# Best way to backup zfs to an Ultrium 5 drive?



## holm (Dec 20, 2021)

Hi all,

I've got three IBM Ultrium 5 Drives with fiber channel connector that came from an IBM (Tivoli?) Tape Library for free.
From a friend I've got an QLE2462 FC Controller and a FC cable, that all was laying around some time. Now after I've build an somewhat "new" PC, I had to chance to test what I got. The Tape Drives "TSU 500", "IBM ULT3580-TD5 CB10" aren't desktop drives, only one button is reachable at the front and in the original Box the drives are connected with some small cables to some periphery..

Nevertheless they seem to be working w/o much problems. Camcontrol says the tape is offline after a camcontrol tur, a 2nd camcontrol tur states the tape online and it works flawlesly with mt and tar.

Now I wish to backup my disks from time to time to tapes but want to avoid "big" solutions like Bakula or similar.
What is the best way to backup a ZFS? I know about ZFS send and snapshots, but some people mean that this isn't the best solution and suggest to use tar instead. Some people are warning that ZFS isn't forgiving any bitrot and suggest to use tar therefore..??

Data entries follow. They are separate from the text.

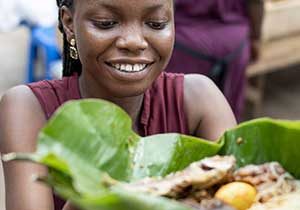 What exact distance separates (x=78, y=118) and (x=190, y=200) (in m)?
0.16

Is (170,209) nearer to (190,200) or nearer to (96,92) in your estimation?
(190,200)

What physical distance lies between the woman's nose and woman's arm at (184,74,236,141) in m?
0.31

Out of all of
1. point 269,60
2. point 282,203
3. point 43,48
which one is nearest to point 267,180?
point 282,203

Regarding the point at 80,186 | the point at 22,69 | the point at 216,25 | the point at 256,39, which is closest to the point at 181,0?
the point at 216,25

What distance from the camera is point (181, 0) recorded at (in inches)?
109

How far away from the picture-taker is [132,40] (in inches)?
41.1

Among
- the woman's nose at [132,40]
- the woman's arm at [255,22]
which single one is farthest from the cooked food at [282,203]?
the woman's arm at [255,22]

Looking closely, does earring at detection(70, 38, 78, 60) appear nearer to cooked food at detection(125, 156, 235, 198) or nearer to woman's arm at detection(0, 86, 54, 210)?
woman's arm at detection(0, 86, 54, 210)

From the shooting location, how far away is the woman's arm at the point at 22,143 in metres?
1.12

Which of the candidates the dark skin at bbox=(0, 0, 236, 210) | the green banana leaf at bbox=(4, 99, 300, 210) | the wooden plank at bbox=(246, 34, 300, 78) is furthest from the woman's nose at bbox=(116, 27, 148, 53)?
the wooden plank at bbox=(246, 34, 300, 78)

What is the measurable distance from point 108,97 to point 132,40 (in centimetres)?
20

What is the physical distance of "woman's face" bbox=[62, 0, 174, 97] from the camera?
3.44ft

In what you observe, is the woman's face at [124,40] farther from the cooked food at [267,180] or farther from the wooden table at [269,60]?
the wooden table at [269,60]

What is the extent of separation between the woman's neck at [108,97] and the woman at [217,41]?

What backup system could I use for backing up my single PC (and maybe the Notebooks from my wife and my son)?

Thanks in advance,

Holm


----------



## covacat (Dec 20, 2021)

i'd use tar, but i find it overkill to use  a lto drive at home
i would ebay the drive and the hba and use usb harddrive(s)


----------



## holm (Dec 20, 2021)

I do have three drives ..for free, additional 1 controller for free..
I want to switch on the Drives PSU with an solid State Relais, do some nightly backup and switch it off again..
The goal is todo some incremental backups after a first complete one.

Regards,
Holm


----------



## chrbr (Dec 20, 2021)

Long time ago I have had a tape drive. At that time the saying was that bit rot makes it impossible to restore a tar archive. The suggestion was to use cpio instead. Then only files with the bit rot are corrupted. It can be that the situation has changed. That was a long time ago.
Kind regards from Fürth/Mittelfranken!


----------